Please return all records verbatim, no pictures.

=-=-=

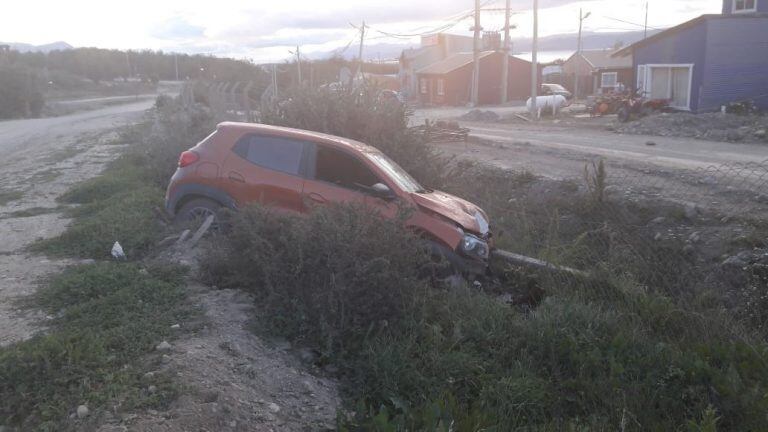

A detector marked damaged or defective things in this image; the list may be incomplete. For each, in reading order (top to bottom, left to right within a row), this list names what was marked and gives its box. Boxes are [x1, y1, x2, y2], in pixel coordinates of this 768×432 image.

crashed car [165, 122, 496, 274]
broken headlight [460, 233, 488, 260]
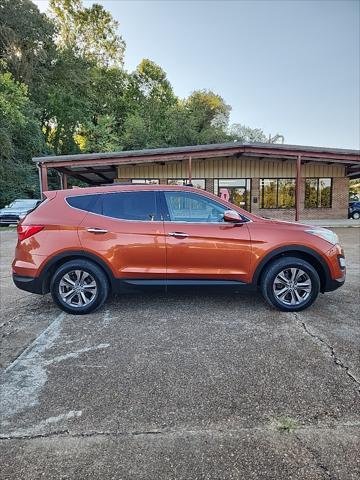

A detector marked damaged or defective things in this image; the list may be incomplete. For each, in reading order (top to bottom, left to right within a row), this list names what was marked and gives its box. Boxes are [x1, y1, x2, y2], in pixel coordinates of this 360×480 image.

crack in pavement [292, 312, 360, 394]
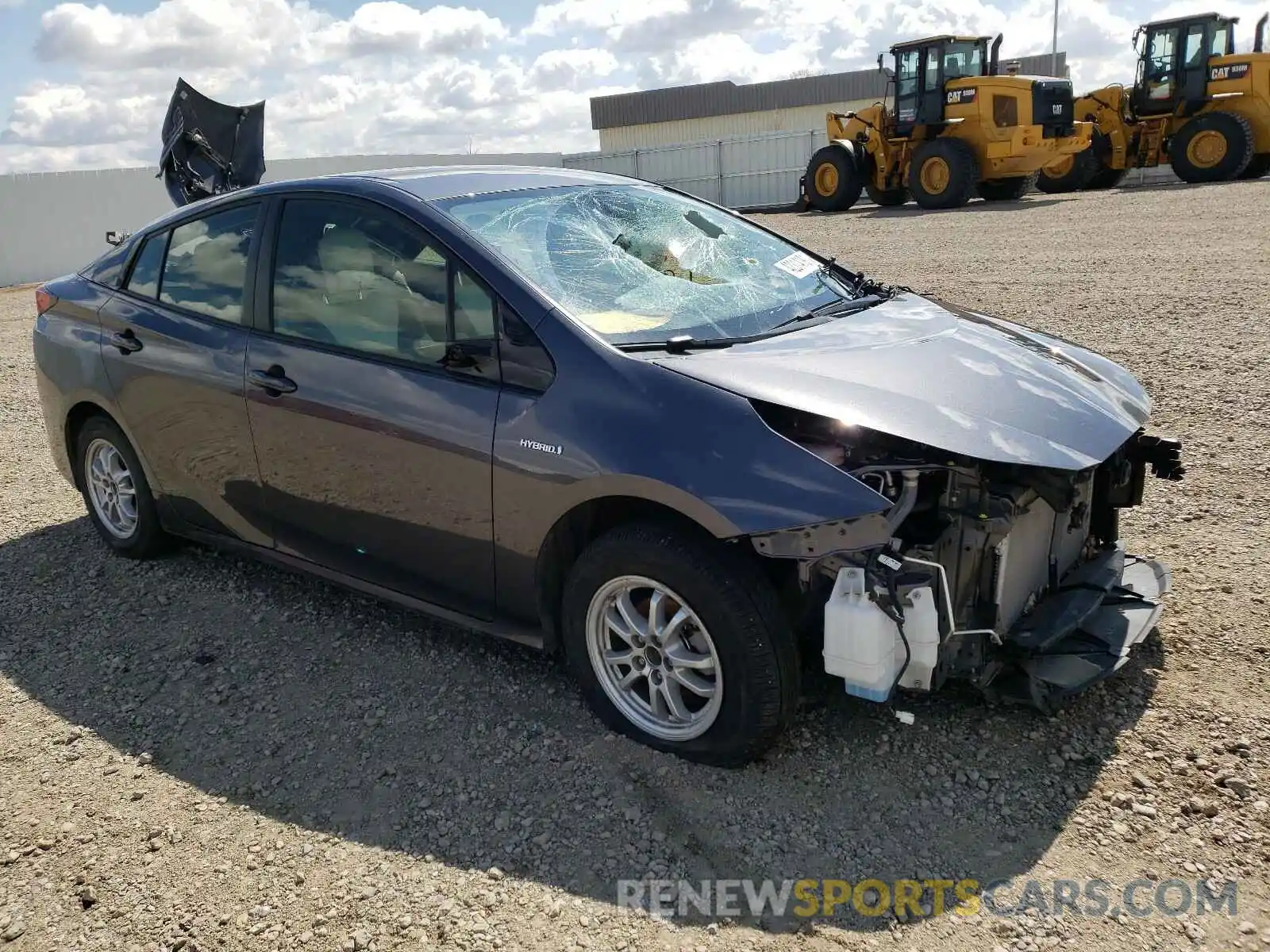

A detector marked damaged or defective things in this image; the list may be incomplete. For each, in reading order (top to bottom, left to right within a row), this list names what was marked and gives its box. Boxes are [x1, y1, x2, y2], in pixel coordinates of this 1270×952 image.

shattered windshield [432, 184, 858, 345]
damaged gray car [32, 167, 1178, 771]
detached car hood [650, 290, 1158, 470]
broken bumper piece [1000, 548, 1168, 711]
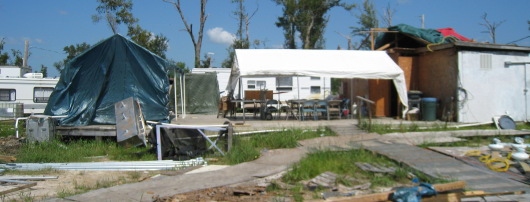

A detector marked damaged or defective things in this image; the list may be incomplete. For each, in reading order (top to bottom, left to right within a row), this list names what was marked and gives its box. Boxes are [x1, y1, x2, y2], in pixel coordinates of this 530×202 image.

broken lumber [324, 181, 464, 201]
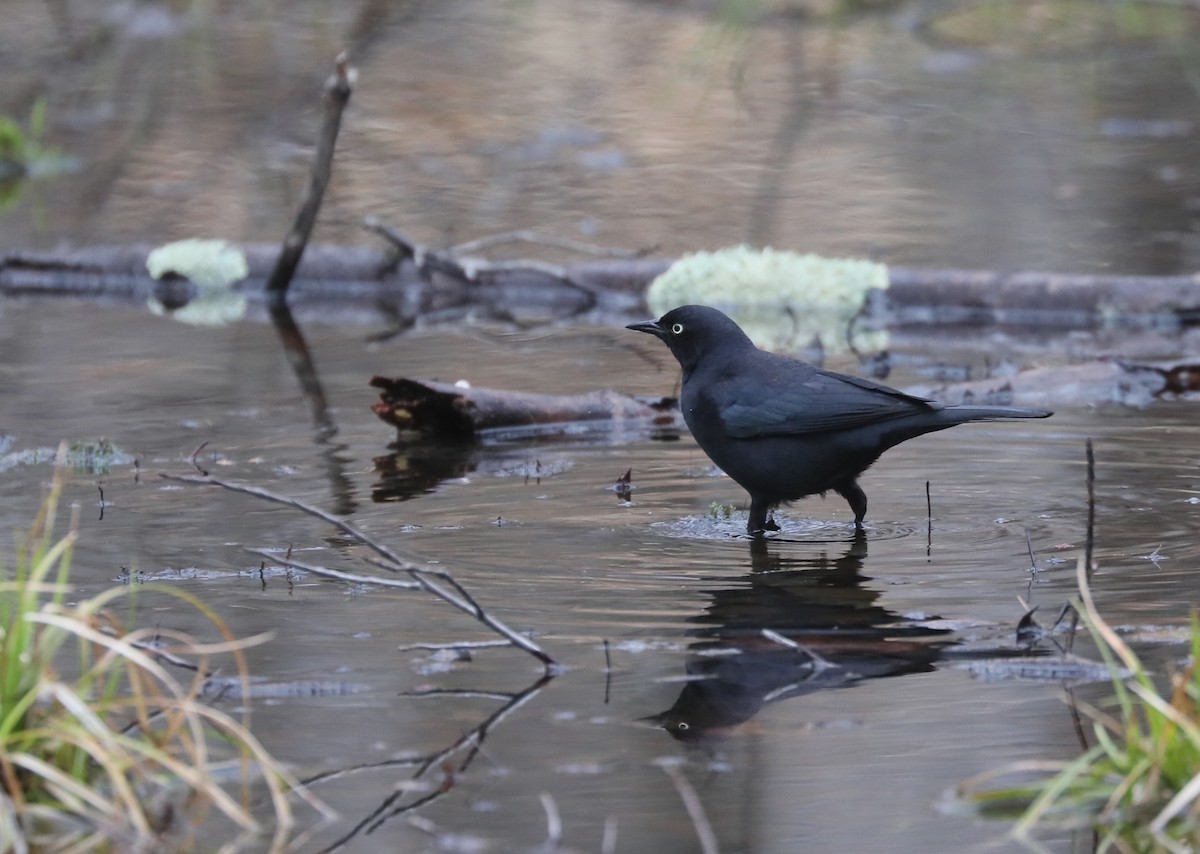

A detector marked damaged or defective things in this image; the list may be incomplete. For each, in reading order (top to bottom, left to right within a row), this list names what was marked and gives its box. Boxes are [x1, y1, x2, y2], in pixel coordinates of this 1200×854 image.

rusty blackbird [628, 306, 1048, 536]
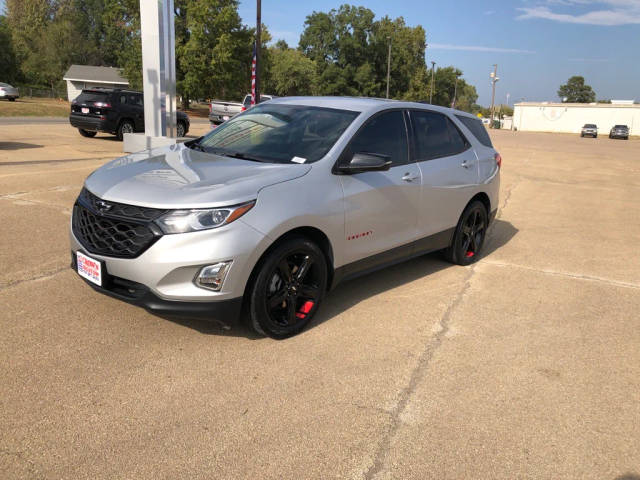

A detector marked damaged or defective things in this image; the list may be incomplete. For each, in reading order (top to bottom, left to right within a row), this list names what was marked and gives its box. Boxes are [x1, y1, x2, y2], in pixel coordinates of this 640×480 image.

crack in pavement [362, 266, 478, 480]
crack in pavement [482, 260, 636, 290]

=-=-=

▸ YOUR SOLUTION:
A detector marked damaged or defective things in this image; the list may be incomplete. For each, in reading order (top to bottom, left to right within a row), this list names what was marked and gives its box. Boxes are [x1, y1, x2, y2], in pixel coordinates of this 768×432 image.

crashed car [165, 122, 496, 274]
broken headlight [460, 233, 488, 260]

A detector marked damaged or defective things in this image; the list may be incomplete. For each, in reading order (top to bottom, left to right within a row), this list names what was marked and gives its box. Boxes are [x1, y1, x2, y2], in pixel coordinates of this 360×480 image.

crack in pavement [292, 312, 360, 394]

A detector marked damaged or defective things in this image; the list may be incomplete. For each, in reading order (top to bottom, left to right within a row), this list names what was marked and gives its box. Boxes are [x1, y1, x2, y2], in pixel coordinates of this 1270×952 image.

shattered windshield [432, 184, 858, 345]
damaged gray car [32, 167, 1178, 771]
detached car hood [650, 290, 1158, 470]
broken bumper piece [1000, 548, 1168, 711]

A detector marked damaged or defective things in this image; the list may be incomplete. For each, in reading order (top to bottom, left to right within a row), this list names what was marked and gives its box. Boxes are [x1, y1, x2, y2], in pixel coordinates of this 530×202 image.

broken lumber [324, 181, 464, 201]

A detector marked damaged or defective things in this image; the list may be incomplete. For each, in reading order (top to bottom, left to right within a row), this list names what was marked and gives its box. Boxes are [x1, y1, x2, y2], in pixel coordinates of this 1200×854 image.

rusty blackbird [628, 306, 1048, 536]

A detector marked damaged or defective things in this image; the list may be incomplete. For each, in reading order (top to bottom, left to right within a row), this list names what was marked and gives its box. Boxes are [x1, y1, x2, y2], in pixel coordinates of this 640×480 image.

crack in pavement [362, 266, 478, 480]
crack in pavement [482, 260, 636, 290]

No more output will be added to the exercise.